The "Gold Rush" for carousels (native documents) has cooled off significantly compared to early 2024, but they still lead the pack in engagement.

Interestingly, the LinkedIn algorithm news 2025 september reveals a surprising comeback for short, punchy text posts. But there's a catch. They have to be under 200 words. The algorithm is currently rewarding brevity for quick updates while simultaneously boosting "Deep Dive" posts that exceed 2,500 characters.

Essentially, you need to be at one end of the spectrum or the other. Middle-of-the-road, generic 500-word posts are getting buried.

  • Multi-image posts: These are hitting a 6.6% engagement rate, the highest on the platform.
  • Vertical Video: If you’re still posting horizontal clips, you’re losing 80% of your potential mobile reach. The feed is now optimized for the "TikTok-style" vertical scroll.
  • Personal Profiles: This hasn't changed, but it’s more extreme now. Personal posts are outperforming company pages by nearly 10x. If you’re a brand, you have to empower your employees to speak for you.

The ChatGPT Penalty (It’s Real)

LinkedIn’s AI detection has gotten scarily good. If you’re just dumping raw AI output into a post, the algorithm detects the predictable syntax and suppresses it. They’re looking for "Signal of Expertise."

This means using first-person narratives. Talk about your client. Share your failure from last Tuesday. Use data that isn't in a public LLM training set. The 2025 updates are designed to reward "human-in-the-loop" content. If it sounds like a corporate brochure, it’s going to fail.
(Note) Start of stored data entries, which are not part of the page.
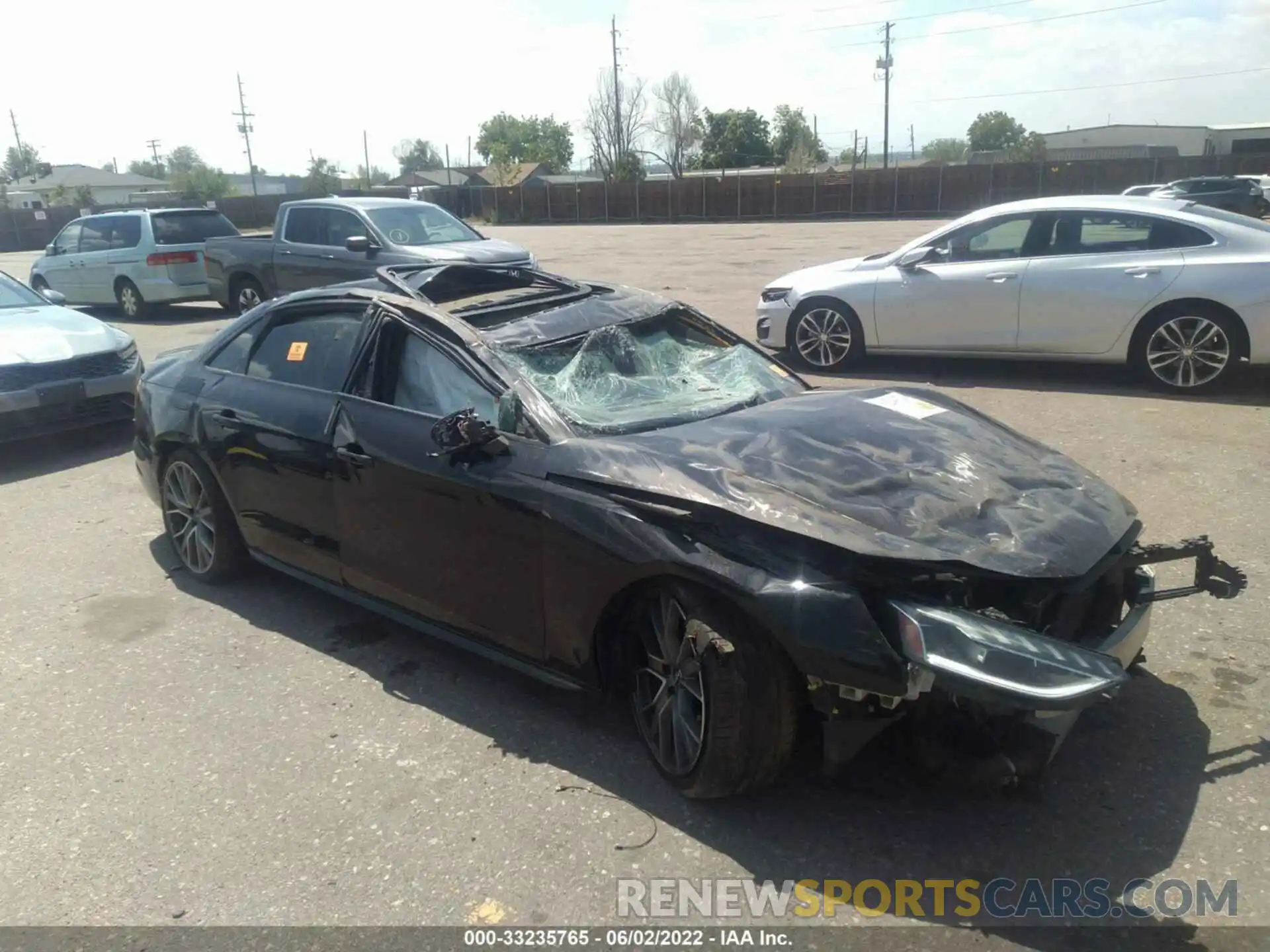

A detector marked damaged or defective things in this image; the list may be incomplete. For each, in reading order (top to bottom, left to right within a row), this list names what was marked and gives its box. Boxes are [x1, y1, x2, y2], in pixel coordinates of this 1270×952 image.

crumpled hood [405, 238, 529, 264]
crumpled hood [773, 257, 873, 290]
crumpled hood [0, 305, 126, 365]
shattered windshield [497, 308, 804, 436]
crumpled hood [561, 386, 1138, 579]
broken headlight [889, 603, 1127, 709]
Practical Steps to Fix Your Reach Right Now

  1. Stop the Link Habit: Posting an external link in the main body of your post is still a reach-killer. If you must, add it after the post has been live for an hour, or better yet, put it in the "Featured" section of your profile and direct people there.
  2. The 15-Word Rule: Comments under 15 words are now worth significantly less. If you want to boost someone’s post (or your own), you need to write a sentence or two of actual substance.
  3. Niche Down or Perish: The algorithm is looking at your "Authority Score." If you talk about HR one day and Crypto the next, LinkedIn gets confused. Pick one or two "Expertise Pillars" and stick to them for at least 80% of your content.
  4. Optimize for Dwell Time: Use formatting that makes people stay on the page. Line breaks, bold headers, and compelling "hooks" in the first two lines are essential because "See More" clicks are a major ranking factor.

What's Next?

September was a bit of a "cleanup" month for LinkedIn. They've integrated more Microsoft data for ad targeting and opened up "Thought Leader Ads" for events. This means the "pay-to-play" model is becoming more prevalent for brands.

If you want to stay relevant, focus on meaningful interactions. Don't just post and ghost. Reply to every comment within the first two hours. That early momentum tells the AI that a real conversation is happening, which is the ultimate goal for the platform as it moves into 2026.

Check your "Creator Analytics" tab. Look at your "Saves" and "Sends" specifically. If those numbers are growing, you're winning, even if your total "Views" look lower than they did last year. Quality is the only metric that matters now.